After years of handling distressing calls and helping people through traumatic situations, Aug. 9 was supposed to mark a celebratory end to a special career of helping others until the call came.
“My boss is giving me a plaque to celebrate my retirement when a call comes through to my coworker from my father’s house,” Morris said. “That’s when I had to dispatch a call to an unresponsive person. It was a DIF, which means death in the field. My last radio transmission as a 911 dispatcher was ‘88th command reports death in the field,’ and it just happened to be my father.”
In a career that saw him as the first person many talked to when facing the most distressing of situations, it was his final call before hanging up the headset that will be the lasting one.
“In this field, you have to keep a sense of humor about you or it will get you down in a hurry,” Morris said. “My coworkers joked around with me that I couldn’t go out on something simple, it had to be something crazy. It couldn’t just be a stubbed-your-toe call, it had to be the one 20 years from now people will look back on and say, ‘Oh yeah, that guy, he dispatched a call on his father. That’s the last thing he ever did.’”
His father, who was a Vietnam veteran, was disabled because of his time in the Marines, which meant Morris took care of him on many different occasions, but this phone call marked an emotional end to a long journey.
Morris’s wife and son were also at the office to surprise him for his retirement celebration, but because he and his crew were working through the celebratory moment, they saw him take the difficult call.

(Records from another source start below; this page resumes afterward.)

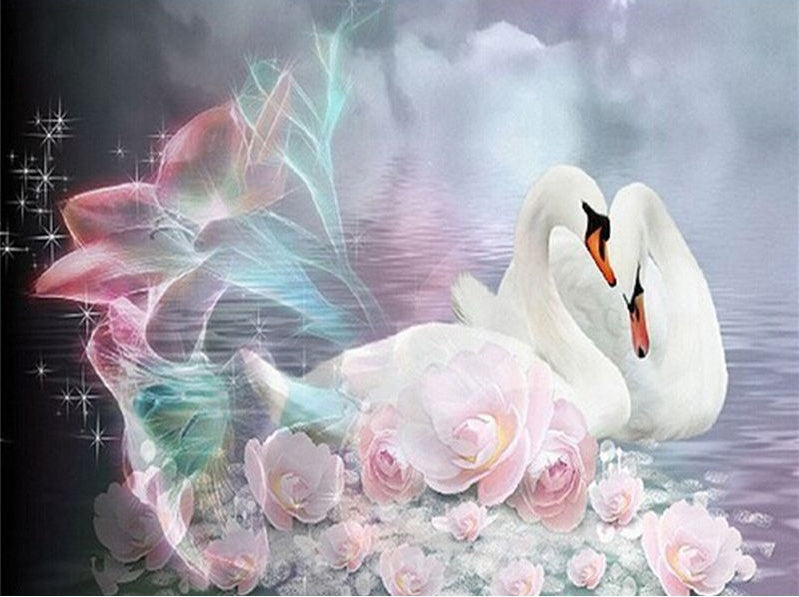 Pareja de Cisnes Románticos Pintar por Números
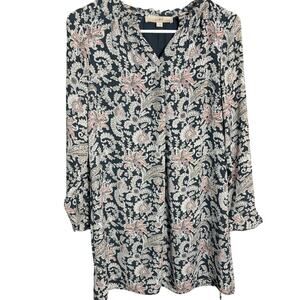 LOFT Petite XSP Navy Paisley Floral Blouse Boho 3/4 Sleeve Shift Dress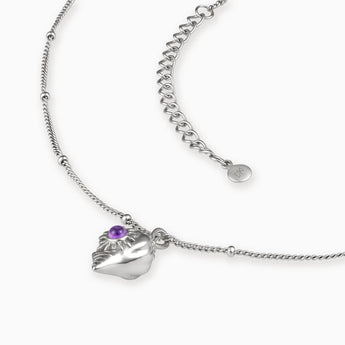 925 Sterling Silver Round Amethyst Sun Conch Necklace - Tidal Glow Side View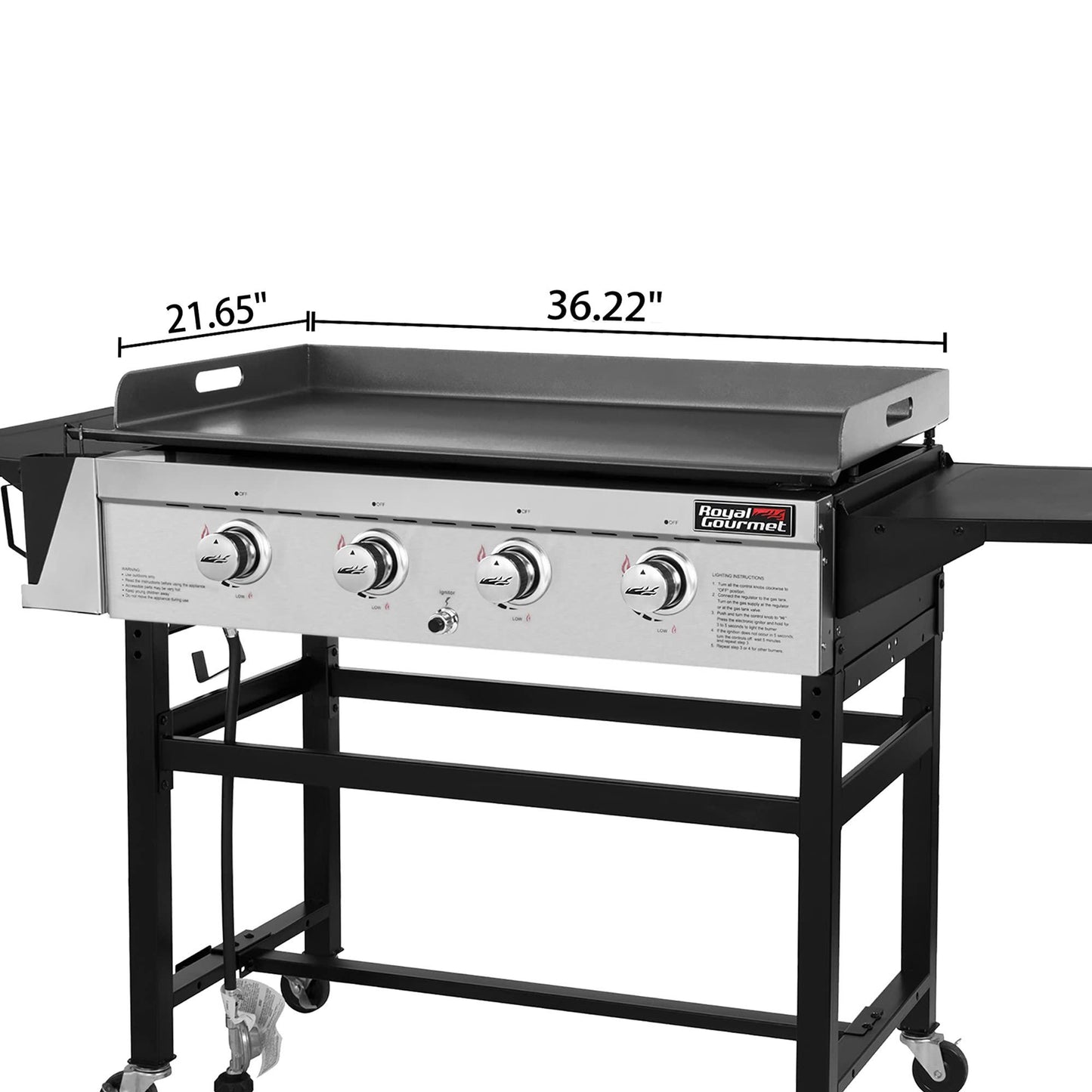 Royal Gourmet 4 Burner Flat Top Grill Griddle Combo Outdoor propane Gas Griddle, GB4001C, 52,000 BTU For Outdoor Events, Camping, BBQ 61.02*23.62*37.60 inches - CookCave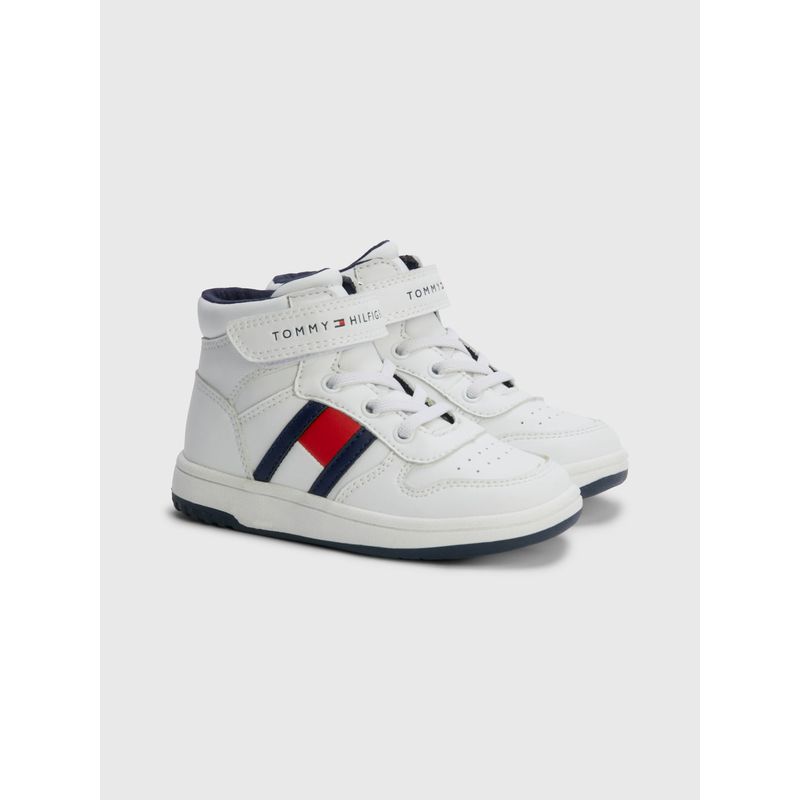 TOMMY HILFIGER - Tenis Altas Con Cordones Y Cierre Velcro Niño Blanco Tommy Hilfiger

“They happened to be standing there and happened to see me doing all of this,” Morris said. “When you are in the moment, you kind of detach from who it is, what it is or where it is to handle it. If you don’t do that, it is difficult to handle the stress.”

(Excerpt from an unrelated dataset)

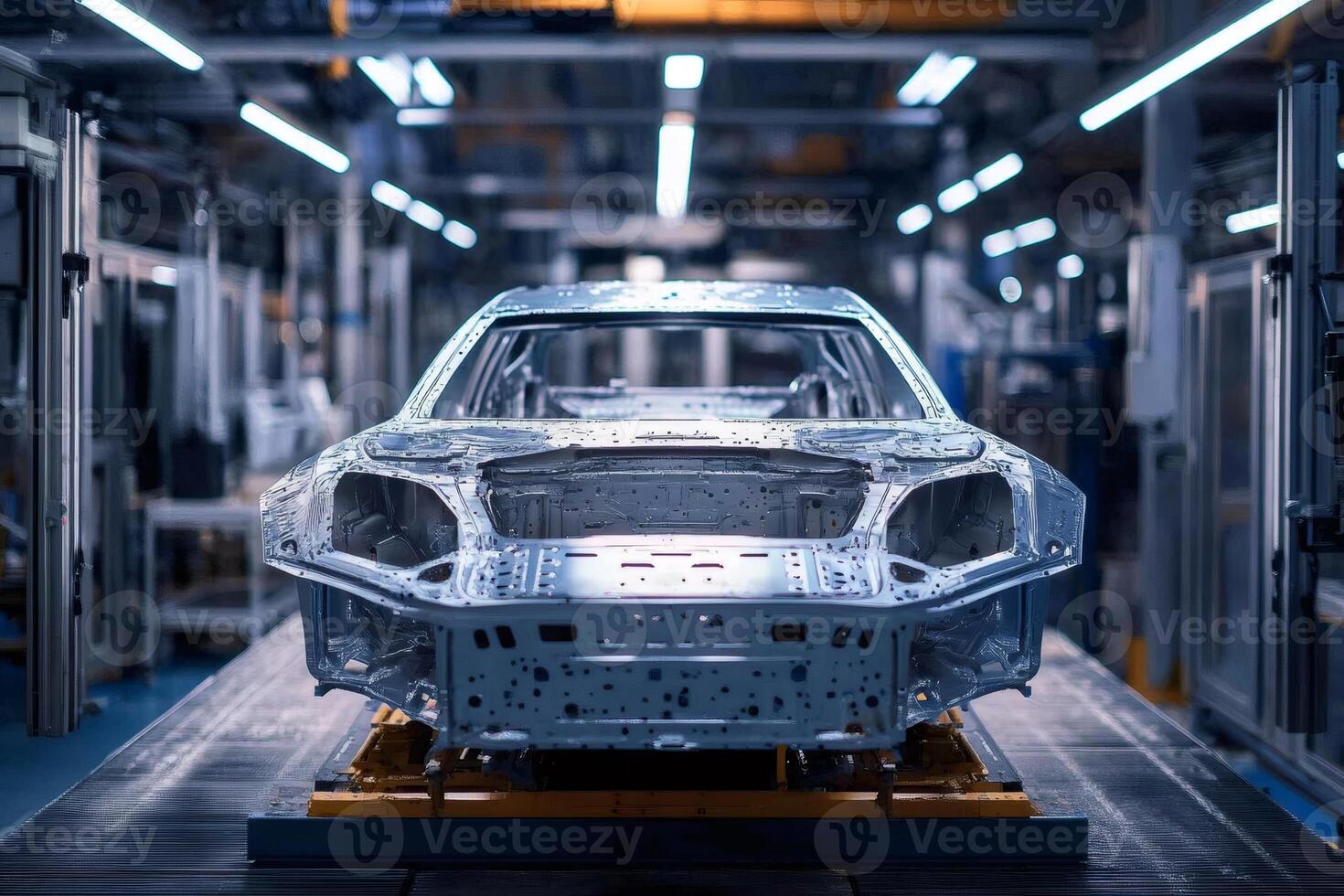 Car body frame being produced on assembly line in a modern car factory photo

But as soon as he hung up the phone, Morris knew he wasn’t OK.
He went straight to his supervisor after dispatching the call and said, “I need to go.”
“I knew I wasn’t going to be OK in that moment,” Morris said. “I called those responding to his house to make sure it was him, which I was 99-percent sure it was. Once they confirmed it, I went straight there to start handling everything.”
His final day, which started at 4:50 a.m., didn’t come to an end until the next day at 12:30 a.m.
It was a trying end to a 23-year career, but when Morris looked back on the heartbreak of his final day, he also reminisced about the job he had done and why he even got into the field to begin with.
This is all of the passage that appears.